Input material:
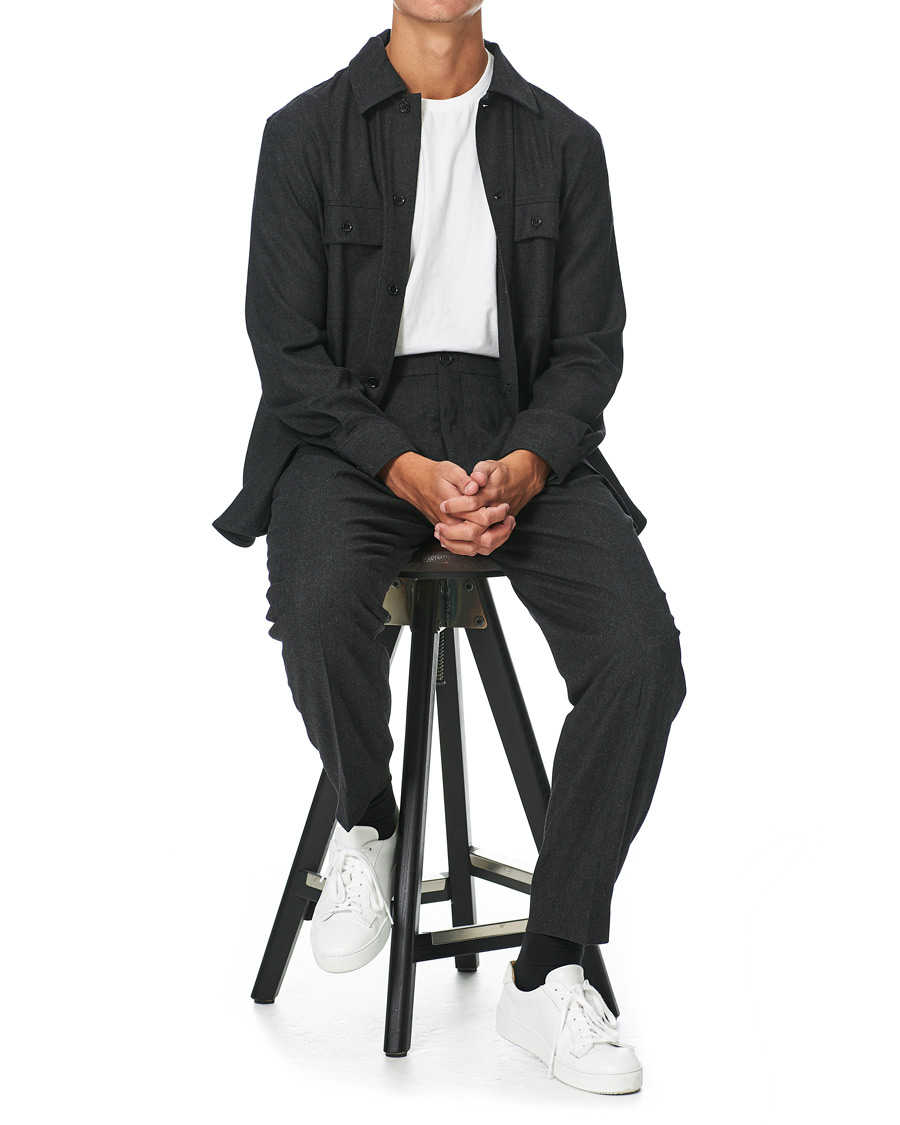 Herre | Bukser | Filippa K | Samson Flannel Trousers Dark Grey Mel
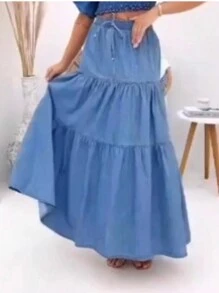 LONG WOMEN'S JEANS SKIRT 3 MARIAS WITH ELASTIC WAISTBAND - 淺藍色 - 查看 5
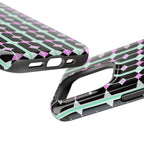 Geom Stripe Magnetic Phone Case — Black with Mint & Lavender Pattern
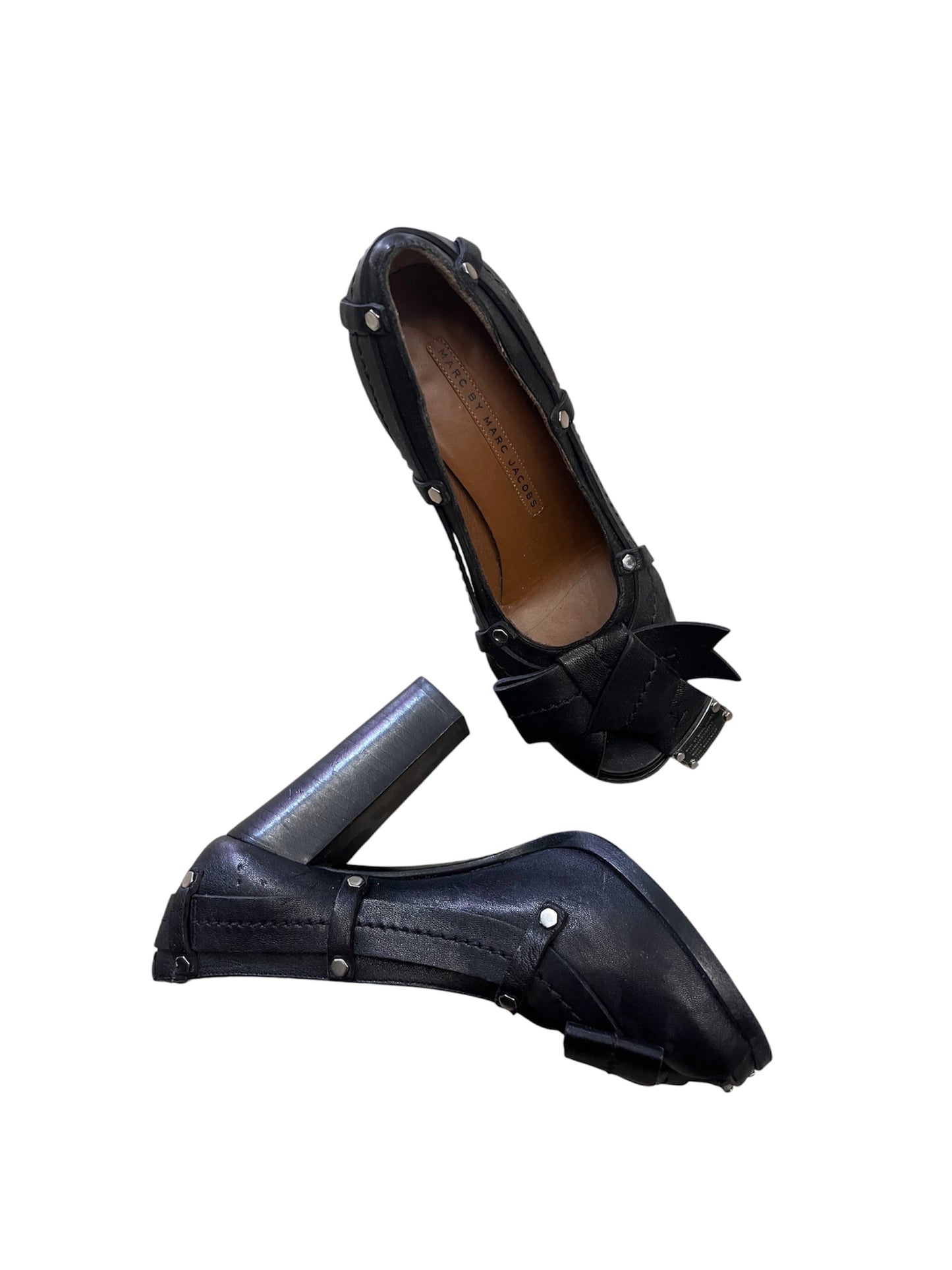 Marc by Marc Jacobs Studded Leather Peep Toe Heels #12733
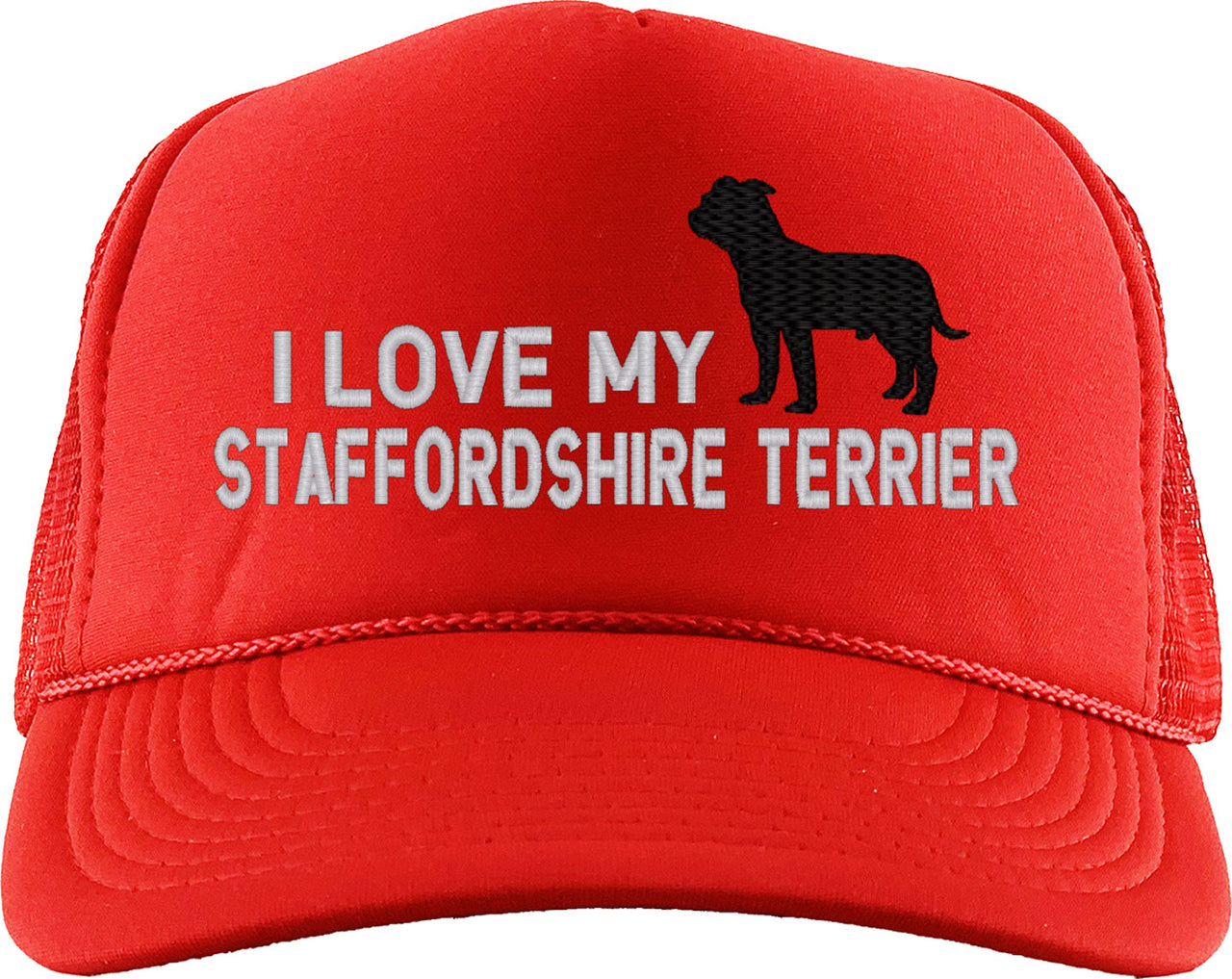 I Love My Staffordshire Terrier Dog Foam Trucker Hat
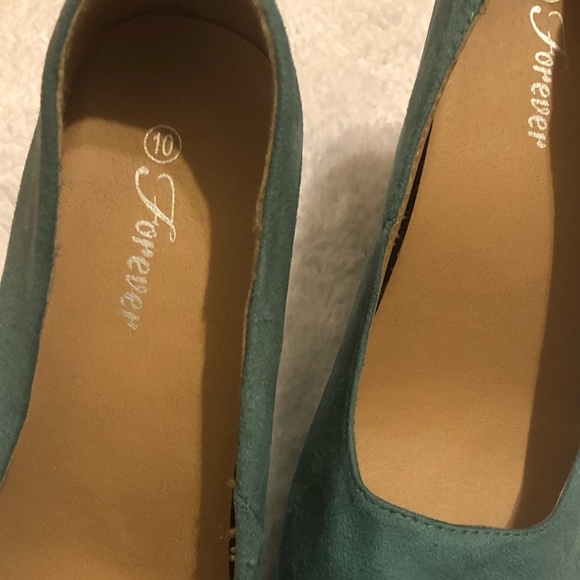 Teal suede wedges - Picture 4 of 7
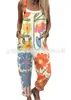 Pantalones de tirantes casuales de verano con estampado floral digital 3D para mujer, transfronterizos de Amazon Europa y América
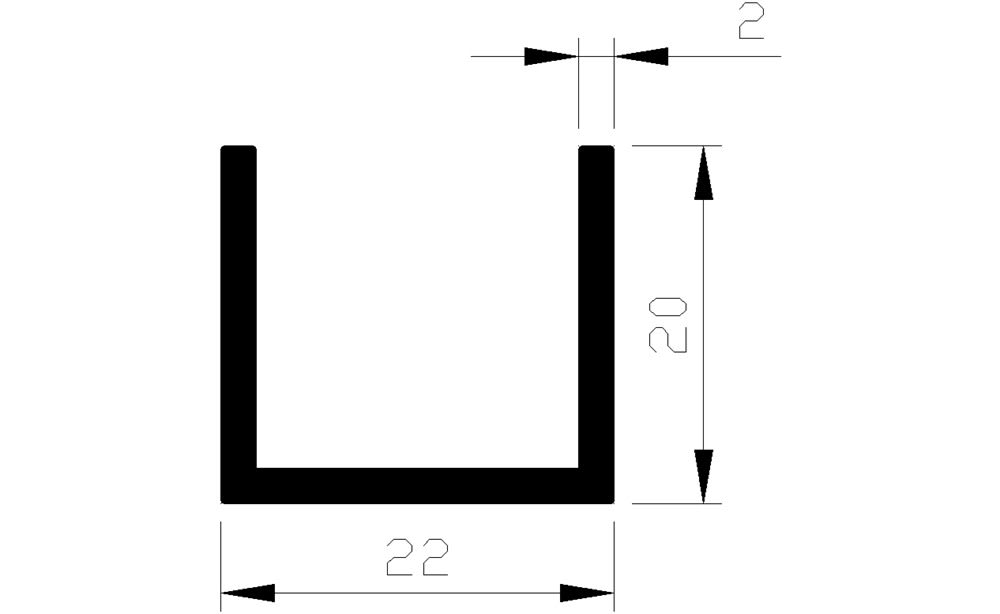 AluArt U-Profiel 20x22x20x2mm 3m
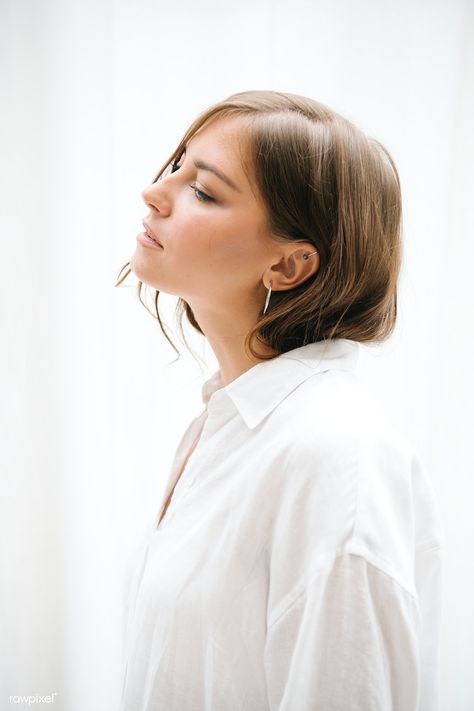 Side view of a brown hair woman in a white shirt | premium image by rawpixel.com / Jira Brown Hair Woman, Woman Looking Down, Unhealthy Habits, Face Angles, Side Portrait, Face Profile, Female Profile, Profile View, Face Photo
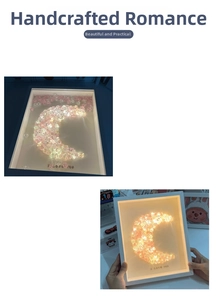 Macro shot of a DIY moon crystal night light featuring a warm LED heart frame design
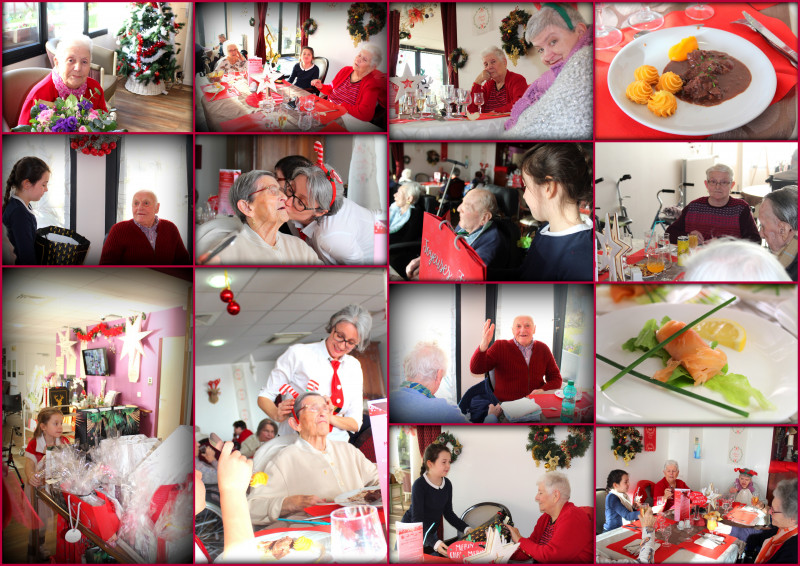 REPAS ET DISTRIBUTION DES CADEAUX DE NOËL A LA RÉSIDENCE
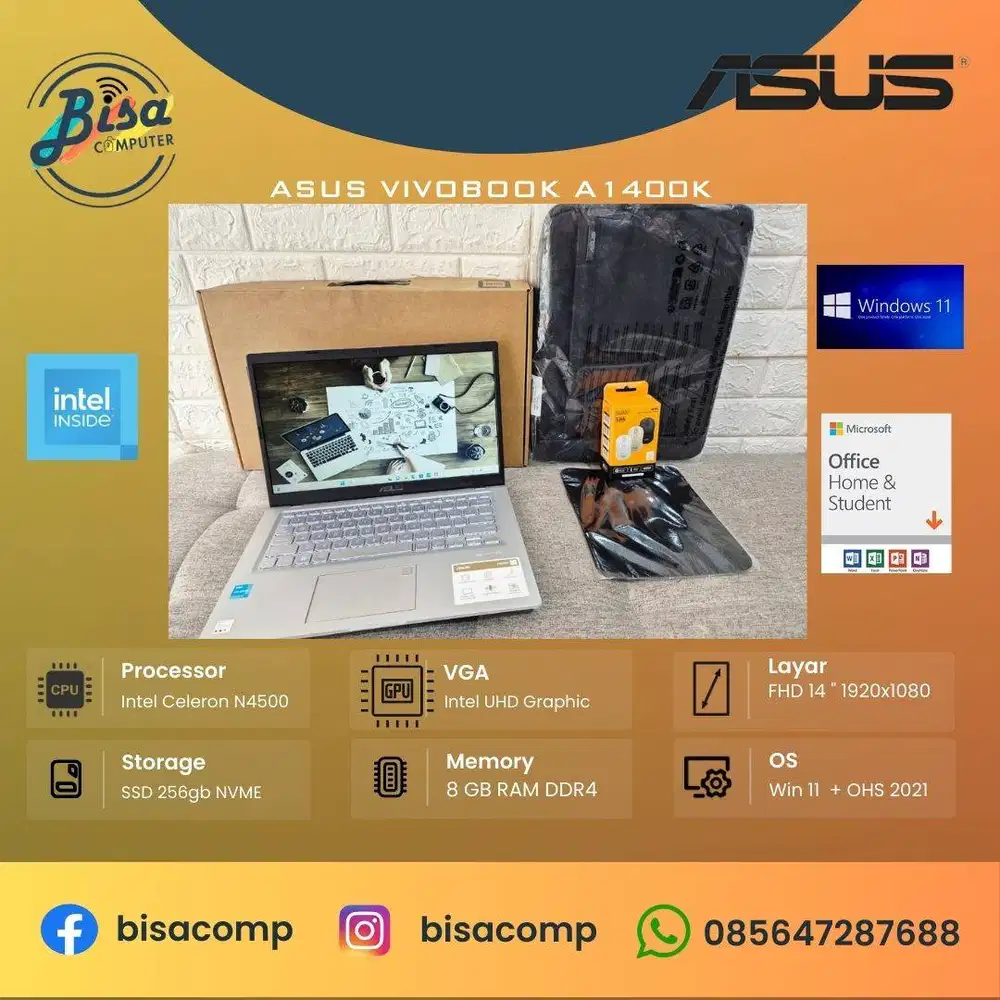 Asus Vivobook A1400K Intel N4500 SSD 256gb Ram 8gb 14inchFHD Backlit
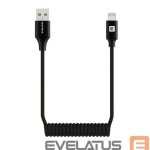 Kaabel Evelatus  AutoSpring Coiled Cable USB A to Lightning 1.2M cable Black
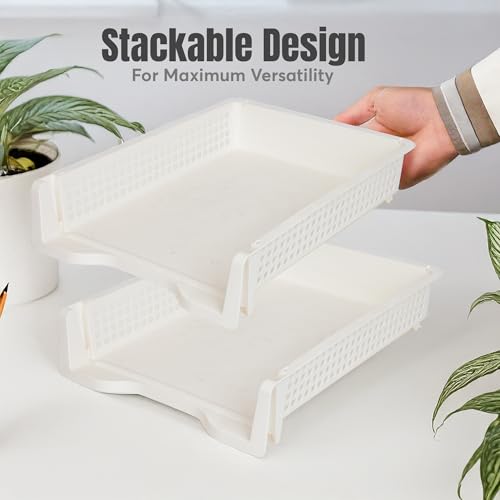 Letter Tray Desk Organizer – Stackable Paper Organizer for Home & Office, Durable Plastic Paper Tray for Desk, A4 & Letter-Size Document Holder (White)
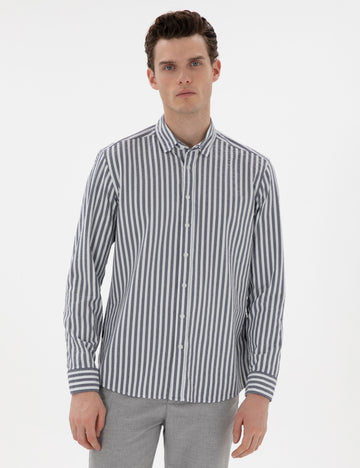 Navy Blue Regular Fit Striped Long Sleeve Shirt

Directions: Reproduce the material word for word. Any pictures should be left out of the copy.

Exercise output:
 Herre | Bukser | Filippa K | Samson Flannel Trousers Dark Grey Mel
 LONG WOMEN'S JEANS SKIRT 3 MARIAS WITH ELASTIC WAISTBAND - 淺藍色 - 查看 5
 Geom Stripe Magnetic Phone Case — Black with Mint & Lavender Pattern
 Marc by Marc Jacobs Studded Leather Peep Toe Heels #12733
 I Love My Staffordshire Terrier Dog Foam Trucker Hat
 Teal suede wedges - Picture 4 of 7
 Pantalones de tirantes casuales de verano con estampado floral digital 3D para mujer, transfronterizos de Amazon Europa y América
 AluArt U-Profiel 20x22x20x2mm 3m
 Side view of a brown hair woman in a white shirt | premium image by rawpixel.com / Jira Brown Hair Woman, Woman Looking Down, Unhealthy Habits, Face Angles, Side Portrait, Face Profile, Female Profile, Profile View, Face Photo
 Macro shot of a DIY moon crystal night light featuring a warm LED heart frame design
 REPAS ET DISTRIBUTION DES CADEAUX DE NOËL A LA RÉSIDENCE
 Asus Vivobook A1400K Intel N4500 SSD 256gb Ram 8gb 14inchFHD Backlit
 Kaabel Evelatus  AutoSpring Coiled Cable USB A to Lightning 1.2M cable Black
 Letter Tray Desk Organizer – Stackable Paper Organizer for Home & Office, Durable Plastic Paper Tray for Desk, A4 & Letter-Size Document Holder (White)
 Navy Blue Regular Fit Striped Long Sleeve Shirt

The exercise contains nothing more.